The Health Minister, Kim Hanes allows public patients on a more than 90 days waiting list to be treated in a public-private of private hospital. This action plan is called due to a blowout in the waiting lists. The state opposition Health spokesman, Roger Cook, however criticized the plan.
Mr. Cook says that the costs of elective surgery performed in the public hospital are different from the private ones. He adds, It is much more expensive for the taxpayers to have patients treated in a private hospital. Secondly, it doesn't go to the issue which confronts public hospitals and that is they need more resources and they need a Minister that's prepared to do the hard work to get them working better.
Presently, there are more than 2,000 people on the waiting list for elective surgery. Dr Hames says that a number of private hospitals have been informed that the surgery cost will be the same as the cost allocated in the public hospitals, with the goal to help in reducing the blowout.
He goes on to say, The reason for me making this decision is while I expected those numbers to b gone within a year and a half at the rate of reduction that they'd had just this last few months, they've started going back up again and I've really had enough of that and we're going to take steps to fix it.
The total of surgeries carried out in January was 750 fewer than those carried out in the same month last year and this, according to Dr Hames, is unacceptable.
Gary Geelhoed, professor and the representative of the Australian Medical Association says waiting lists are a problem at every hospital and it is unlikely for patients to get an opening elsewhere.

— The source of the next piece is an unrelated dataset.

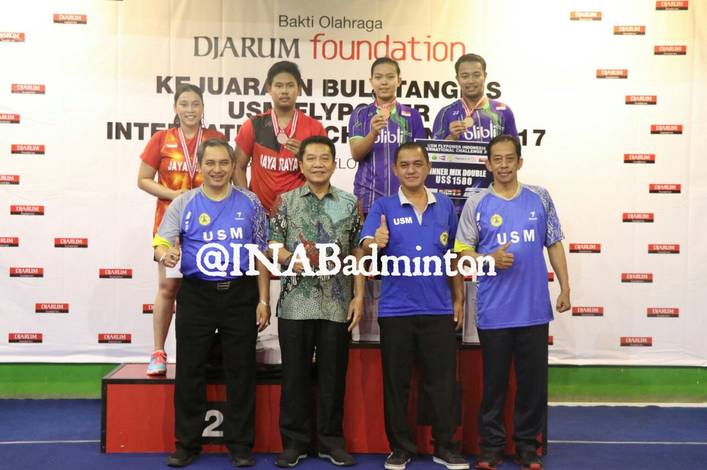 Podium Ganda Campuran Indonesia International Challenge 2017 Podium Ganda Campuran Indonesia International Challenge 2017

He believes that elective surgery done in private hospitals will undermine the private health system.
Professor Geelhoed bluntly states, Why would someone take out private insurance and go into a private hospital when sitting in the next bed is someone who comes from the public system and hasn't paid anything. I mean there's not point to it.
He believes that the situation in not an emergency and that this is just a result of underfunding over a period of time and thus, it is a bad move.